** DATA EXTRACT follows **

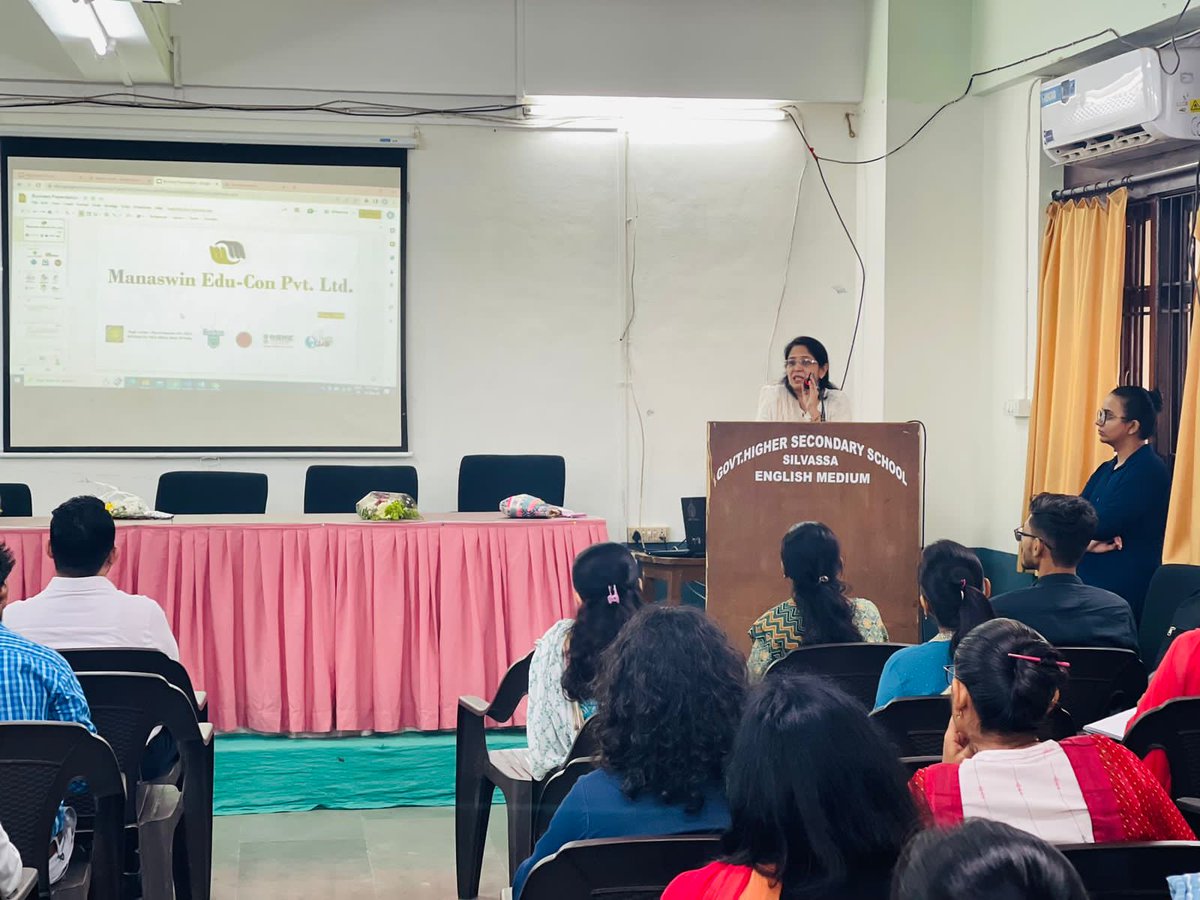 DIRECTORATE OF EDUCATION, Samagra Shiksha, Dadra &amp; Nagar Haveli and Daman &amp; Diu Organized Training for COMPUTER TEACHER &amp; COORDINATORS from 13th -17th, December 2022 <a href="/ssa_damandiu/">Samagra Shiksha- DNH and Daman & Diu</a> <a href="/EduMinOfIndia/">Ministry of Education</a> <a href="/nssdnhdd/">nssdnhdd</a> <a href="/ankitaIAS/">Ankita Anand</a> <a href="/SamagraShiksha/">SAMAGRA SHIKSHA MoE India</a>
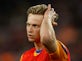 Barcelona's Frenkie de Jong questioned on Manchester United reports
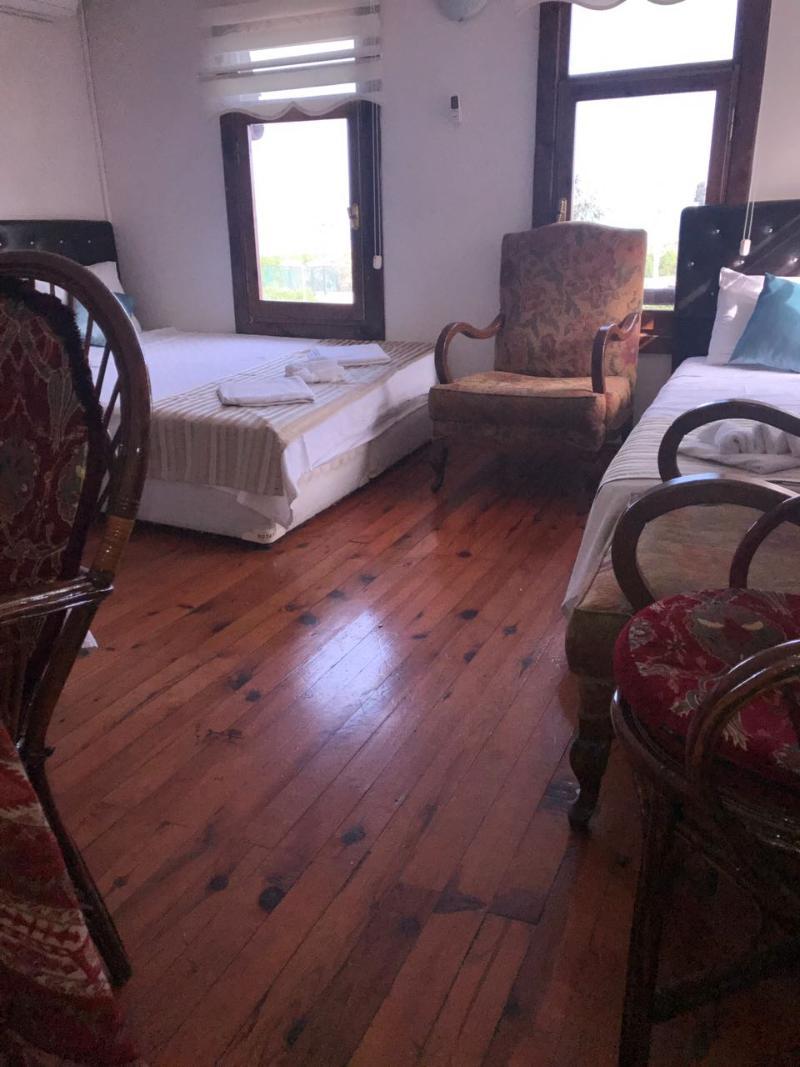 Qonaq Hotel Istanbul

** End of DATA EXTRACT **

### INSTRUCTIONS TO FOLLOW
Everything from the line containing "Barcelona's Frenkie de" to the last line of the listing above is to be written out exactly, except the pictures, and nothing else.

### YOUR RESPONSE
 Barcelona's Frenkie de Jong questioned on Manchester United reports
 Qonaq Hotel Istanbul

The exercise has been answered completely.